Saturday, April 18, 2015

Professional Book Review: Read, Write, Teach by Linda Rief

Read, Write, Teach:  Choices and Challenges in the Reading-Writing Workshop by Linda Rief


Summary by Goodreads:


Veteran teacher and author Linda Rief has inspired thousands of practitioners across the nation to lead adolescent students on a journey to becoming lifelong readers and writers. In "ReadWriteTeach," Linda offers the what, how, and why of a year's worth of reading and writing for middle and high school students with a framework that is as flexible as it is comprehensive.

". . . This book isn't a compilation of tear-out reproducibles designed to help us replicate Linda's practices,"" writes Maja Wilson in the foreword. ""Instead, it's the most powerful gift that a master teacher can give us: the story of her thinking and feeling as she teaches." "Linda's insights and beliefs are woven throughout a comprehensive overview of best literacy practices, which include: essentials in the reading-writing workshop grounding our choices in our beliefs getting to know ourselves and our students as readers and writers.

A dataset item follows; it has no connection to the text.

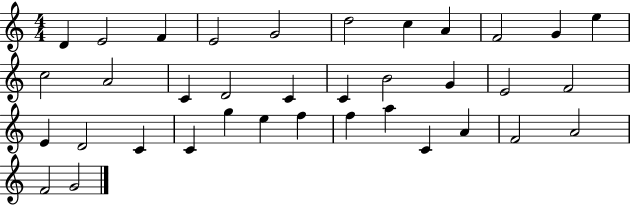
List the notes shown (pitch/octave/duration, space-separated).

D4/q E4/h F4/q E4/h G4/h D5/h C5/q A4/q F4/h G4/q E5/q C5/h A4/h C4/q D4/h C4/q C4/q B4/h G4/q E4/h F4/h E4/q D4/h C4/q C4/q G5/q E5/q F5/q F5/q A5/q C4/q A4/q F4/h A4/h F4/h G4/h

Students' voices, through examples of their writing, drawing, and thinking, resonate throughout the book and characterize the thoughtful readers, writers, and citizens of the world that they become under Linda's guidance.

My Thoughts:

After reading the first 42 pages of this book, I posted my first thoughts on Goodreads:  
If you are a fan of Kelly Gallagher, Penny Kittle, and Donalyn Miller, you will find comfort in Linda Rief's words. I have already uncovered a few new ideas to share with our English teachers using a reader/writer workshop approach.
Normally I tend to have an urgency to complete a book quickly.  I want to read it and move on to the next one.  Because Rief's book is filled to the brim with real world ideas that I could see myself using in the classroom (or sharing with teachers), I wanted to slow down and read this bit by bit.  Instead of reviewing this resource as a whole, I want to share some of my favorite parts from a few chapters.

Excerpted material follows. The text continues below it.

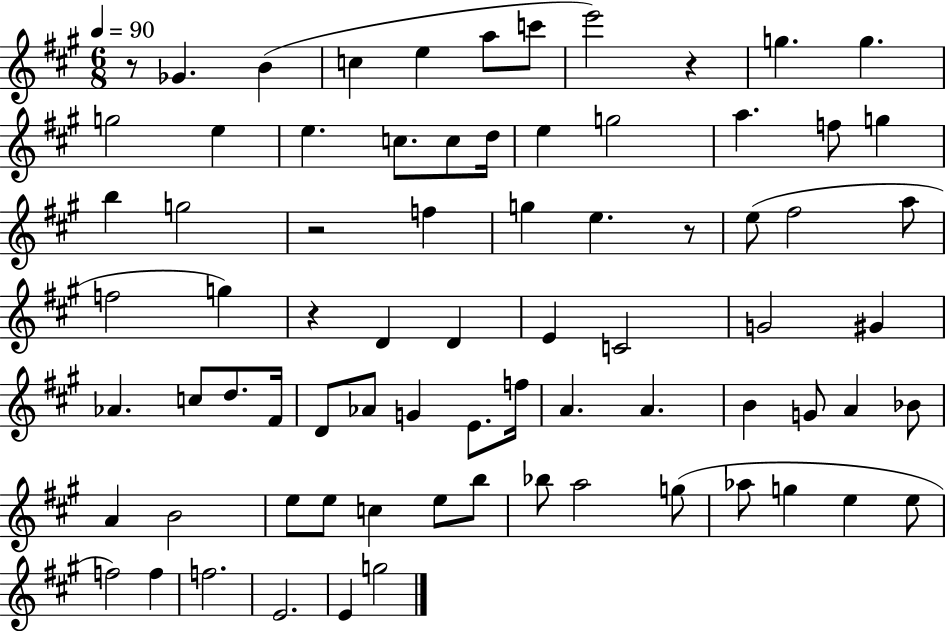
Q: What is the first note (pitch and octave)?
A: Gb4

Chapter One: Grounding Our Choices in Our Beliefs

Linda Rief is a firm believer in giving students choice in their reading and writing.  In order to make this manageable, she uses a Readers-Writers Workshop.

Writing Conference Questions (pg 19):


  • How did this writing come to be?
  • Where did you get the idea?
  • What did you do, and why, as you went from one draft to the next?
  • What problems did you encounter:
  • How well did you solve those problems?

Reading Response Questions (pg 21)
  • What did this reading bring to mind?
  • What did you think or feel or learn as you read?
  • What questions came to mind?
  • What in your own experience is similar or different?
  • How does this make you view the world?
  • What did you notice the author did as a writer?


Chapter Five: Immersion in Writing (and Reading)

In this chapter, Linda Rief shares some simple, short quickwrites to help her students brainstorm writing ideas.  A few of my favorites are:

A Positive-Negative Life Graph (pg 77-83)
http://www.docstoc.com/docs/107180098/Positive-Negative-Life-Graph

A Likes/Dislikes Chart (pg 83-85)
http://readwriteandreflect.blogspot.com/2014/08/purpose-and-authenticity.html

Reading/Writing Memories 

A perfect beginning of the school year set of questions to ask students (pg 84):
  • What kept you reading?
  • What stopped your reading?
  • What kept you writing?
  • What stopped your writing?


Chapter Six:  Immersion in Reading (and Writing)

Linda Rief believes in choice.  Her students have time to read in her classroom and their homework is to read thirty minutes a night (four days a week) outside of school. If you have read, Book Love, by Penny Kittle, she follows a very similar format of introducing new books to her students through book talks.  My two "take-aways" are:

End of the Year Book Recommendations (pg 108)

Students are asked to recommend a book to next year's class which includes the following:
  • a color copy of the book
  • a short summary of the book
  • a passage so we can hear the style of writing
  • their reasons for recommending the book

Letters About Literature (pg 116-118)

Did you know that the Library of Congress sponsors a contest asking students to write a letter to an author of a book, a play, a poem, or a speech, telling the author how the work changed their lives in some way?  Our freshman English team is in the process of revising our curriculum and assessments to incorporate more "real world" writing.  This contest would be a perfect assessment to teach argumentative writing and incorporate choice reading!

My hope by sharing a few of my favorite ideas from Read, Write, Teach is that you will go out and buy this book.  If you are a middle school or high school English teacher exploring or using Reading- Writing Workshop, you will want to have this resource at your fingertips.  Linda Rief's book is now shelved right next to books by my favorite authors:  Penny Kittle, Kelly Gallagher, Kylene Beers, and Donalyn Miller.  It is in a place where I can reach for it at a moment's notice when a teacher is searching for "brilliant ideas" to engage his/her students!